Brief descriptive captions
= = = = =
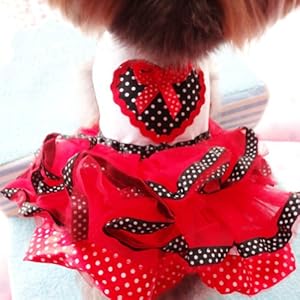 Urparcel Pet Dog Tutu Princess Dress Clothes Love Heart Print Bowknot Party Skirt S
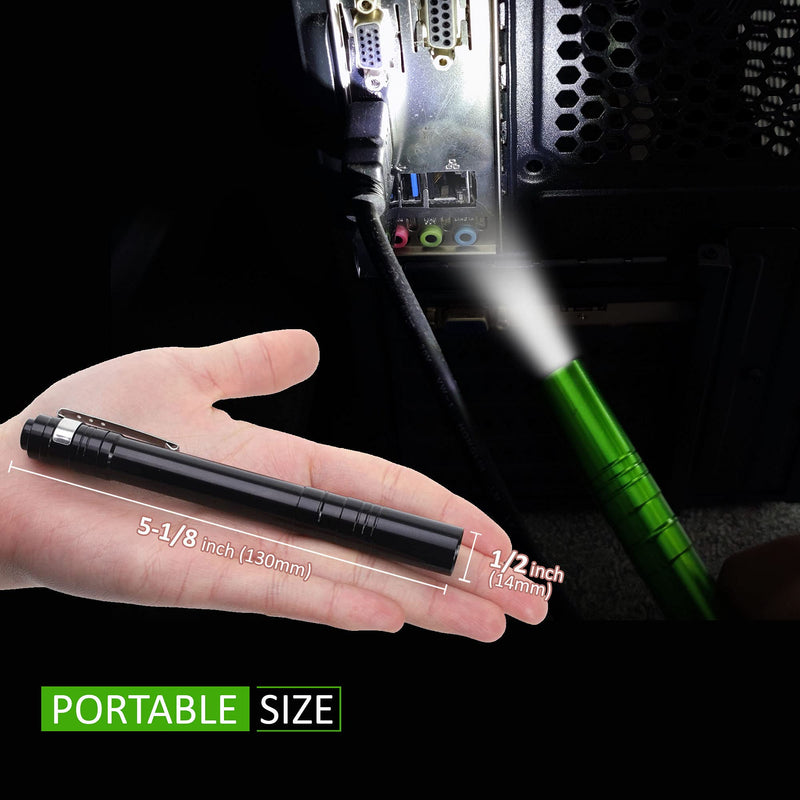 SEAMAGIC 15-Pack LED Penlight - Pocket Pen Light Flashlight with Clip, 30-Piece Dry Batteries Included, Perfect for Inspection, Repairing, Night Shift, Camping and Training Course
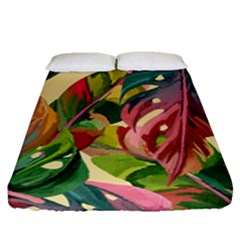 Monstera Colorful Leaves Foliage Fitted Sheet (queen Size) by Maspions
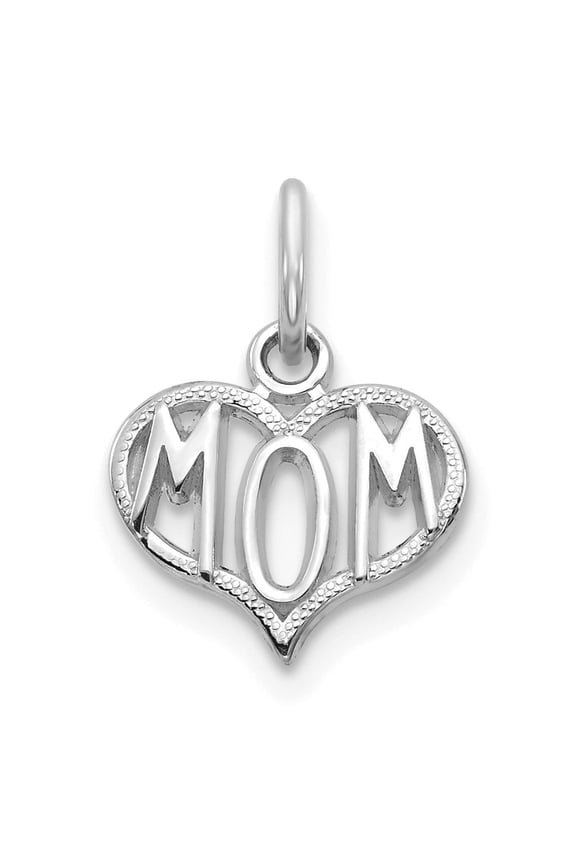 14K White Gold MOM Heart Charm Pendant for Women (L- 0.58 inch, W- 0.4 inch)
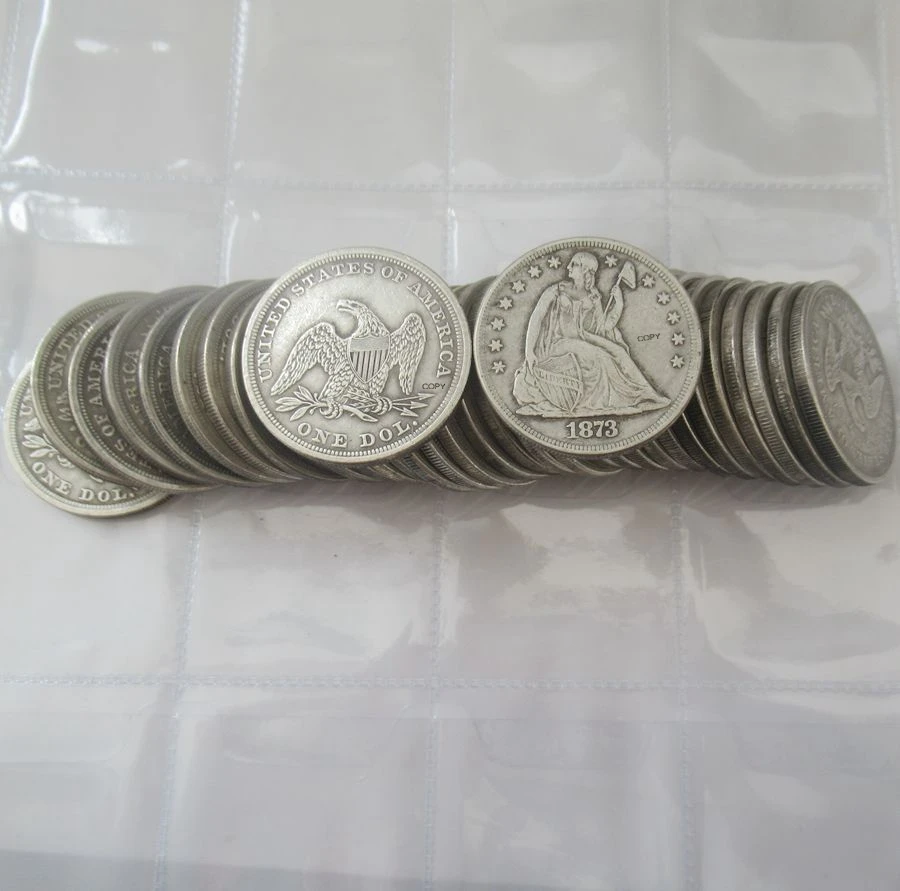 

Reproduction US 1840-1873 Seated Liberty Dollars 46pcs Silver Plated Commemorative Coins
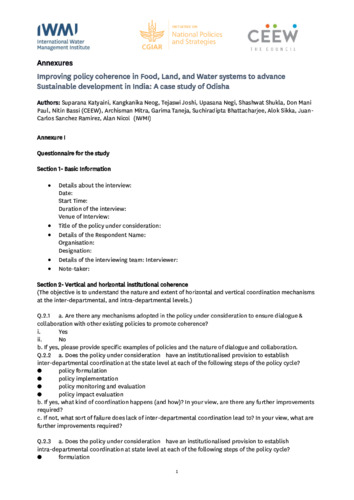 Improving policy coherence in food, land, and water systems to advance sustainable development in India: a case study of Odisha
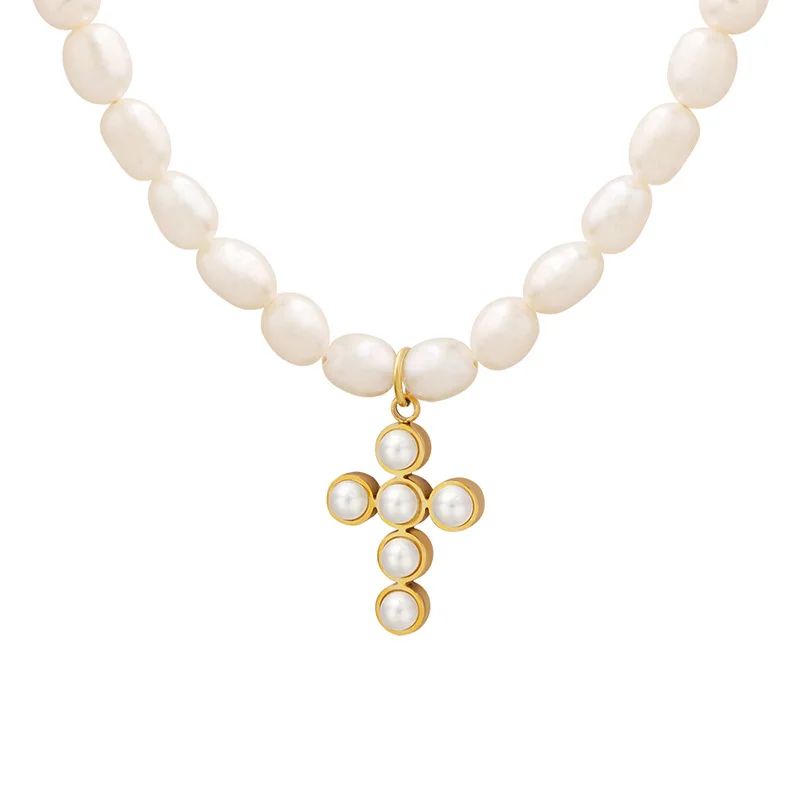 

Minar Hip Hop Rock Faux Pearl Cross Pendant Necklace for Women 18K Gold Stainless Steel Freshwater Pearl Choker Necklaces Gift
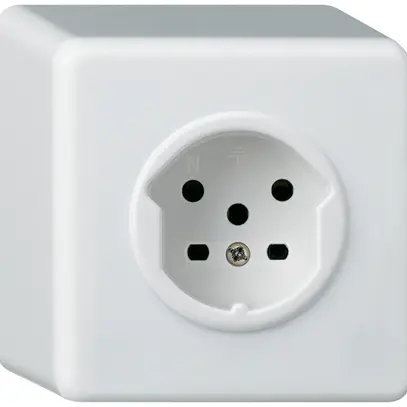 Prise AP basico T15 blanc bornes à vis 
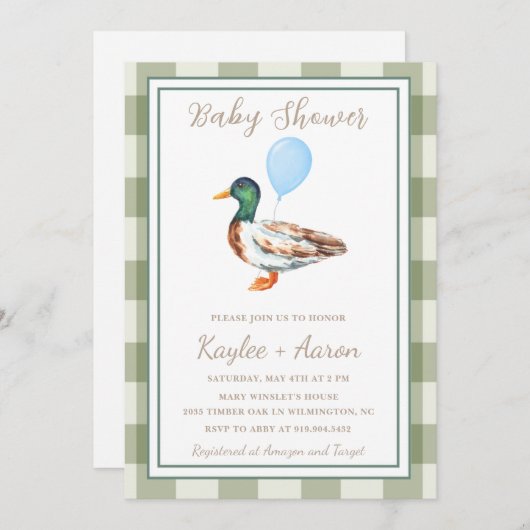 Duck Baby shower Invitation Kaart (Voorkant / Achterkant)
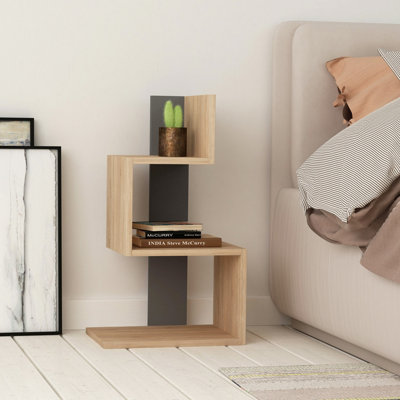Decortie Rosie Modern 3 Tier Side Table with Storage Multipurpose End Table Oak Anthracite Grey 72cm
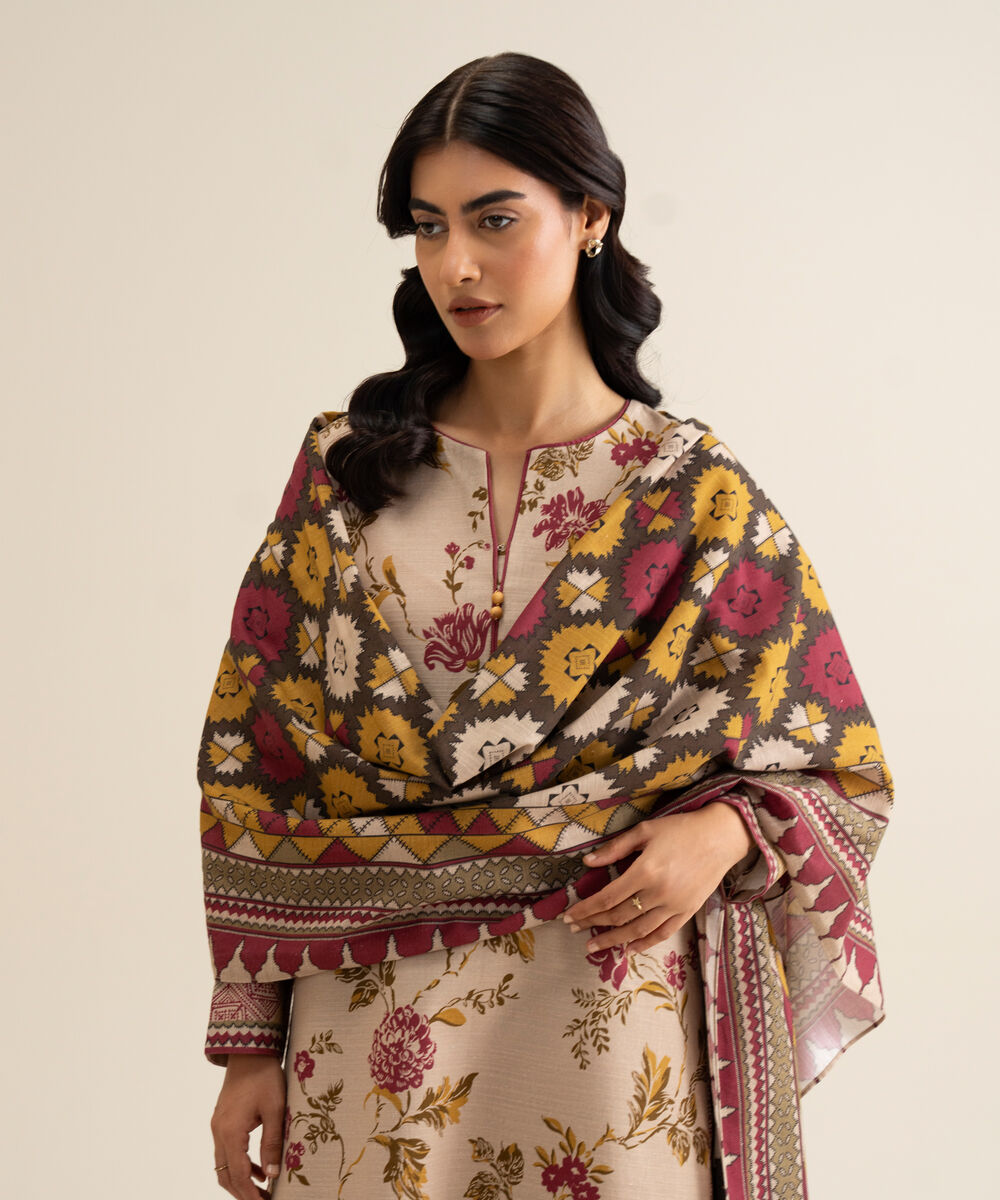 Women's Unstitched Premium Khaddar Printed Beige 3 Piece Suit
= = = = =
Leave the pictures out, and transcribe exactly the lines above starting at the one that contains "Reproduction US 1840-1873" and ending at the one that contains "Prise AP basico T15 blanc bornes à vis".

▸ RESPONSE FOR THIS EXERCISE
Reproduction US 1840-1873 Seated Liberty Dollars 46pcs Silver Plated Commemorative Coins
 Improving policy coherence in food, land, and water systems to advance sustainable development in India: a case study of Odisha

Minar Hip Hop Rock Faux Pearl Cross Pendant Necklace for Women 18K Gold Stainless Steel Freshwater Pearl Choker Necklaces Gift
 Prise AP basico T15 blanc bornes à vis 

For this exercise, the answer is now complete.